Which formats are recognized for the format keyword?+
All the standard formats from the ajv-formats extension: date, date-time, time, email, hostname, ipv4, ipv6, uri, uri-reference, uri-template, url, uuid, json-pointer, relative-json-pointer, regex, byte (base64), int32, int64, float, double, password, binary. Format validation is enabled by default; disable it in the options if your schema uses format values purely as documentation.
How are errors reported?+
Each error has four fields: instance path (the JSON Pointer to the failing value, like /items/0/price), schema path (the JSON Pointer inside the schema that failed, like #/properties/items/items/properties/price/minimum), keyword (the failed validator like required or type), and a message generated by ajv. Errors are reported all at once by default, so you can fix a batch in one pass; switch to fail-fast in the options to stop at the first error.
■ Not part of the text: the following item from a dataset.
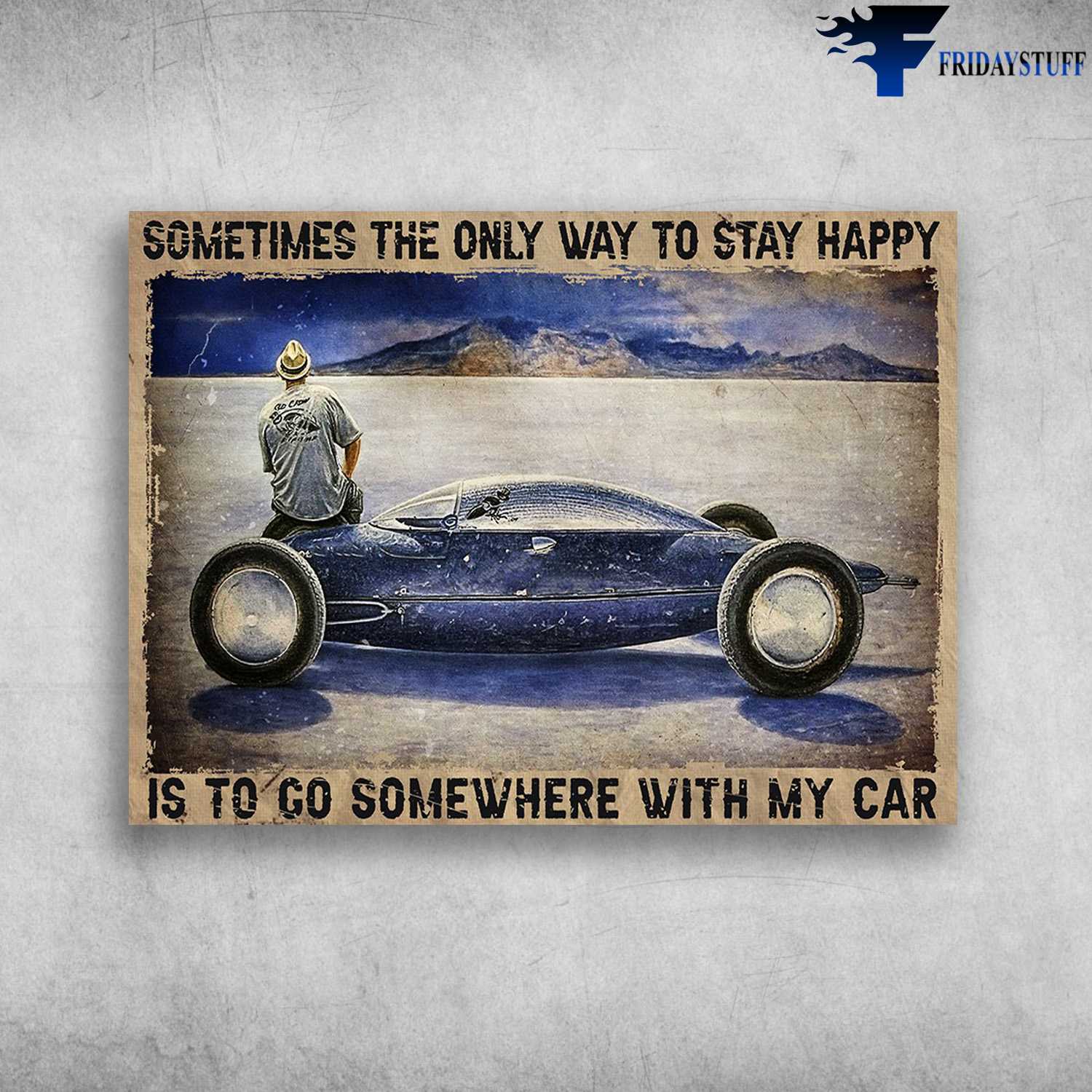 Car Lover, Man Riding Car - Sometimes The Only Way To Stay Happy, Is To Go Somewhere With My Car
Does it support $ref to external schemas?+
Internal $ref within the same schema works. External $ref (pointing to a URL or another file) does not resolve, because there is no fetcher in this tool; if your schema uses external refs, inline them first using a schema bundler or ajv's own addSchema call. The validator surfaces an explicit error if it encounters an unresolved external ref.
What is strict mode?+
Strict mode (ajv option strict: true) rejects schemas that use unknown keywords, mix incompatible keywords, or violate other ajv heuristics. It is the safer default for production validators because it catches typos like requierd instead of required. Strict is off by default in this tool because pasted schemas often have minor issues that are not blockers; enable it when you want maximum confidence the schema is exactly what you think it is.
Can I validate JSON against Schema.org instead?+
Schema.org is a vocabulary, not a JSON Schema. If you are validating a JSON-LD document against Schema.org type expectations (required fields per type, value-type checks), use the Schema.org Validator tool instead — it has the type catalog and expectations baked in. This tool validates against a JSON Schema document you supply.
Does the validator handle large documents?+
ajv is fast — it compiles the schema to a JavaScript function and runs validation at near-native speed. Documents up to tens of megabytes validate in well under a second on modern hardware. The bottleneck is usually parsing the JSON itself, not the validation step.